Transparency in performance measurement is an important cultural change in the health care landscape that may serve as an additional driver toward greater use of health IT in practice. The call for transparency will necessitate greater availability of quality measures for public reporting. Although not specifically addressed in this issue, the rich clinical environment of an electronic health record should allow us to produce better-quality measures. This will hopefully increase physician acceptance of quality measurement and allow us to routinely assess how close we are to achieving evidence-based care for our patients. The measures produced by electronic health record systems should also be a critically important driver of quality improvement as we can only improve what we can measure. Much work needs to be done before most electronic health records can routinely produce quality measures, but it is clearly the direction for the future. In addition, while we are working on quality measurement, we can take the opportunity to link the clinical information in electronic health records to the demographic data in our practice management systems so that we can routinely measure disparities in all we do.

Finally, I would like to end on a positive and pragmatic note—what we can do as general internists to move this potential to reality.

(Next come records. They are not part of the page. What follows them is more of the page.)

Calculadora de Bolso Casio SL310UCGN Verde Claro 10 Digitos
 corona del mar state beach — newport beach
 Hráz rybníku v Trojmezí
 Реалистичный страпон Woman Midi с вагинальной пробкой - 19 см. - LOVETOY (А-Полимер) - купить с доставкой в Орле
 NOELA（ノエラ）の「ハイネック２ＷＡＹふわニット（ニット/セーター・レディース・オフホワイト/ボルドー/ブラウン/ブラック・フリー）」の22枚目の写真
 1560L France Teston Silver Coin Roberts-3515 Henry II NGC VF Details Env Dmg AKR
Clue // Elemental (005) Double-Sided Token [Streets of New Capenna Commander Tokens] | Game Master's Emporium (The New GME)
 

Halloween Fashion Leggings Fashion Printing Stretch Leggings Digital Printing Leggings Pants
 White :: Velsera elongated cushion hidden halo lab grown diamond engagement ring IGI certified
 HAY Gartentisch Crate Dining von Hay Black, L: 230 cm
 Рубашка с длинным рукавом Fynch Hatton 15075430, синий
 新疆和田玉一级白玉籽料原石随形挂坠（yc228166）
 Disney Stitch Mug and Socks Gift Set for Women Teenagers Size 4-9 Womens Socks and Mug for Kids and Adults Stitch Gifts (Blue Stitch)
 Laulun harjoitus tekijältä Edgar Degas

First, general internists need to weigh in on the specific applications of health IT that we think will make the most difference in the quality and safety for our patients. As demonstrated in this special issue, our research-minded colleagues are making important progress in teaching us should we should do—such as speaking to end-users—and what not to do—such as setting unreasonable expectations. Our clinician-educator colleagues can help by serving as the beta testers for adoption of these electronic systems so they can be improved and fit better into the flow of care. Whereas many practices cannot adopt the full array of electronic health record systems, we can begin to incrementally adopt the electronic systems that show the most promise. For some generalists who admit many patients, the connectivity to the local hospital may be most important to ensure effective care transitions. Generalists often know best what our patients need, and we can advocate for the critical pieces of electronic data that we know we will need, such as discharge summaries and the medication reconciliation listing from the hospital sent to us electronically before the patient leaves the hospital. As the dominant clinical educators in our departments, we can incorporate the importance of health IT and interconnectivity into our teaching plans. The vision of an advanced medical home for primary care clearly includes the ability to effectively utilize the health IT systems that can help to improve the quality and safety of health care.

Although the road toward fully functional interoperable electronic health record systems will be bumpy, it is hard to imagine that we can achieve significant improvements in safety and quality without going down this road. The articles in this special issue will hopefully help to smooth the course toward more rational adoption of effective health IT systems.